---- GIVEN RECORDS

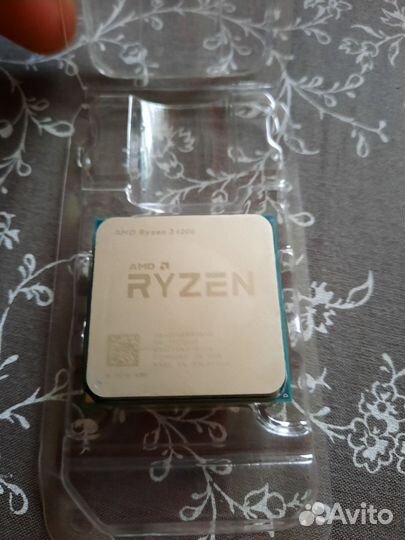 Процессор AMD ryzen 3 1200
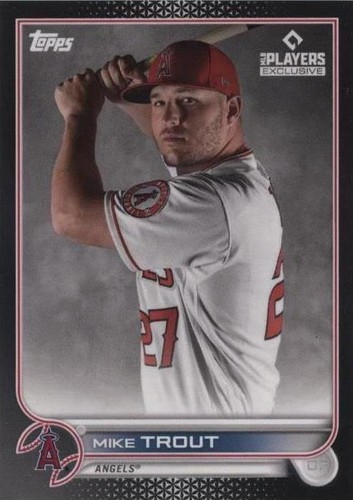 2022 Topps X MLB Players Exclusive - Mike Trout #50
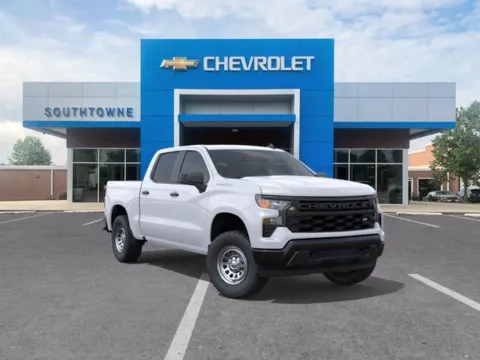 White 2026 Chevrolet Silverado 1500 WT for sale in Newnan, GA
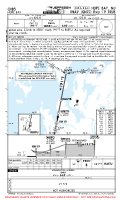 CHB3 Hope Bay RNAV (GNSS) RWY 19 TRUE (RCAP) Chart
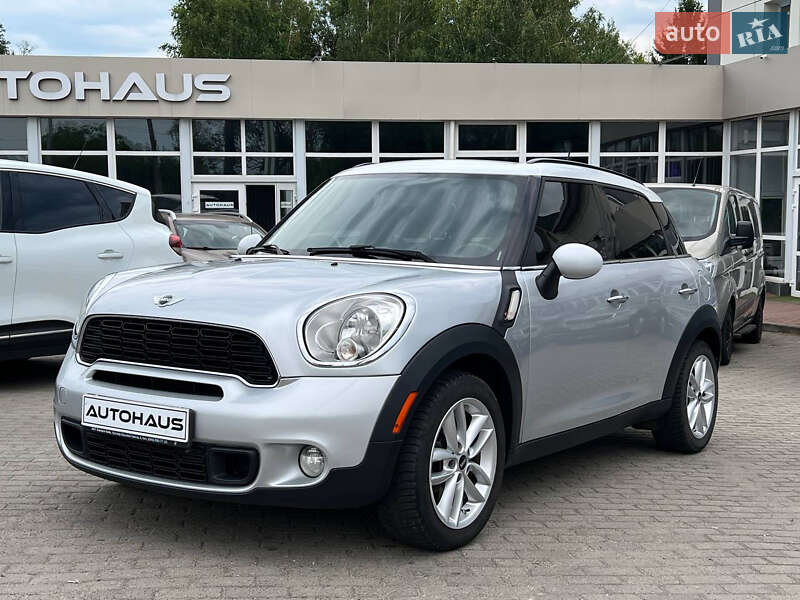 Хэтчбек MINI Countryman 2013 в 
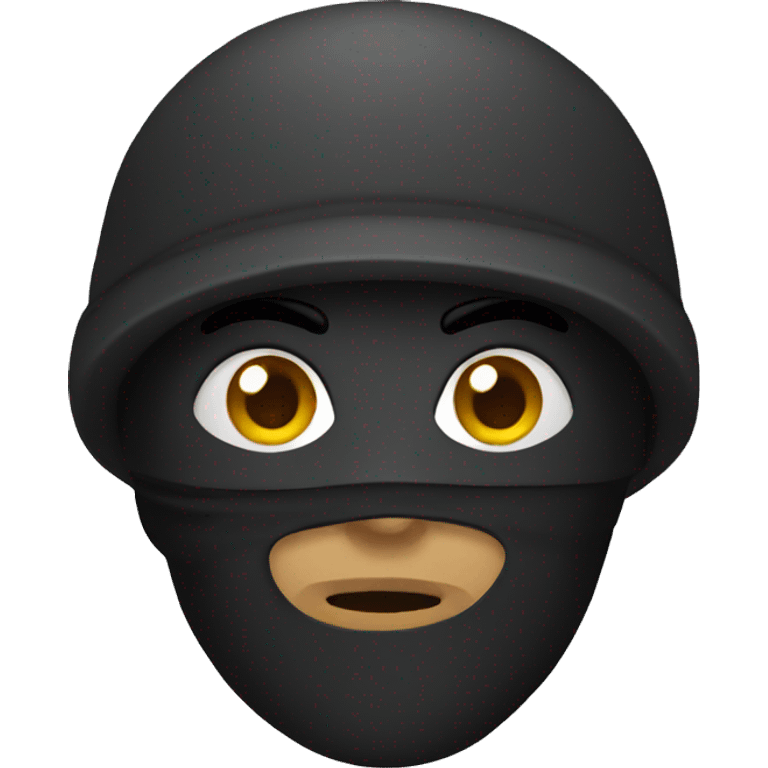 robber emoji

--------

Although the records hold pictures, return only what remains, word for word.

 Процессор AMD ryzen 3 1200
 2022 Topps X MLB Players Exclusive - Mike Trout #50
 White 2026 Chevrolet Silverado 1500 WT for sale in Newnan, GA
 CHB3 Hope Bay RNAV (GNSS) RWY 19 TRUE (RCAP) Chart
 Хэтчбек MINI Countryman 2013 в 
 robber emoji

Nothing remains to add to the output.